# Who uses a FX5 for water changes?



## Kevin007 (Jul 20, 2008)

I was thinking of using a FX5 for water changes on a 220G, using gravity to change the water will take hours..

What are your experiences with using a FX5?


----------



## ry05coupe (Dec 30, 2008)

buy / make a python system.


----------



## Kevin007 (Jul 20, 2008)

ry05coupe said:


> buy / make a python system.


Doesn't pump out water as fast as a FX5


----------



## gmaschke (Aug 23, 2008)

No but its easier and you can get the debri in the gravel instead of water only.

I have an Fx5 and did use it to w/c 1x and went back to the python


----------



## Pilgrim (Mar 28, 2005)

Wouldn't a powerhead pump out the water just as fast and be cheaper and less cumbersome.
Unless you want to filter the water that you pump out.


----------



## mr limpet (Oct 16, 2007)

I actually use both in my 90 gallon.I use the python to gravel vac,then the fx5 to drain the rest of the water in the tank.I change 50% water each week,and after gravel vac,it takes minutes instead of half an hour to drain tank useing the fx5.Then I use the python to refill tank.I would definitly use the fx5(to drain water)on a tank that size,it will save you lots of time.


----------



## zcfish (Jan 31, 2009)

i do have an fx5 and find it cumbersome to change water with it. i use a powerhead (quiet one, cheap) to pump the water out then use the same power head to pump the water in from a garbage can. i only need to gravel vac maybe once every three or four weeks with all the circulation not much poop left. i use a sand substrate which helps.


----------



## Kevin007 (Jul 20, 2008)

I plan to run a 55G sump + Eheim 2217 + 3-4 Koralia powerheads for water circulation - hopefully, little to no poop is left in the sand.

The deciding factor for the FX5 is whether or not it is good for water changes.

Why is it cumbersome to change water with it? It pumps out around 600GPH with media so to pump out 50% of the water, I'm guessing it would take roughly 10 minutes which is very acceptable.


----------



## gmaschke (Aug 23, 2008)

My tank is roughly 25' from the drain I pump the water into. I guess it's a matter of me not being close enough or having a hose that will reach. When I used the filter I had to do the bucket thing which is what Iwanted to avoid. Draining the filter for maintenance with it is a good option though.


----------



## Kevin007 (Jul 20, 2008)

gmaschke said:


> My tank is roughly 25' from the drain I pump the water into. I guess it's a matter of me not being close enough or having a hose that will reach. When I used the filter I had to do the bucket thing which is what Iwanted to avoid. Draining the filter for maintenance with it is a good option though.

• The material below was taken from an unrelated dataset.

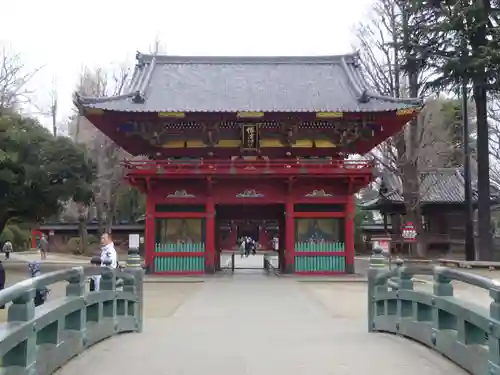 根津神社の山門・神門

I see, in my case it will be perfect because there is a window near the fish tank, I can drain the water straight to my garden.

(i make sure the blinds are closed in the day though, so no algae outbreak)

any other issues with the FX5?


----------



## DanDee (Mar 7, 2008)

What are your return pumps from your sumps? Just plumb them with a valve so it can be used as a water changer. Mine works like a charm!
Dan


----------



## itsalmosteasy (Jan 8, 2009)

Right now you can pick up pond pumps for dirt cheap. I got a 750G/hr for 20 bucks


----------



## Kevin007 (Jul 20, 2008)

Dandee, that is a great idea, I'll seriously consider it. The pump should be even stronger than the FX5.

Do you think a 55G sump + 2217 is sufficient for a 220G?

itsalmosteasy - I'll look into it, thanks


----------



## DanDee (Mar 7, 2008)

Kevin007 
Ya a 55g would be good. Its dimensions to be able to fit in your stand are important!
I also would recommend two canisters and UGJ's.
Dan


----------



## Kevin007 (Jul 20, 2008)

DanDee said:


> Kevin007
> Ya a 55g would be good. Its dimensions to be able to fit in your stand are important!
> I also would recommend two canisters and UGJ's.
> Dan


I will probably run 2 eheim 2217s with it or one FX5 and one 2217 with 3-4 Koralia 4s, to do the job UGJ are supposed to do


----------



## mr limpet (Oct 16, 2007)

My tank is 10 feet away from my laundry room,so thats where I drain my tank water.I take my clothes washing machine drain hose out and put in the fx5 line in.So the water goes out to my septic tank as the clothes washing machine waste water would.Just have to remember to put washing machine hose back in when I'm finished.


----------



## gmaschke (Aug 23, 2008)

No never had an issue with the FX5 I love it.


----------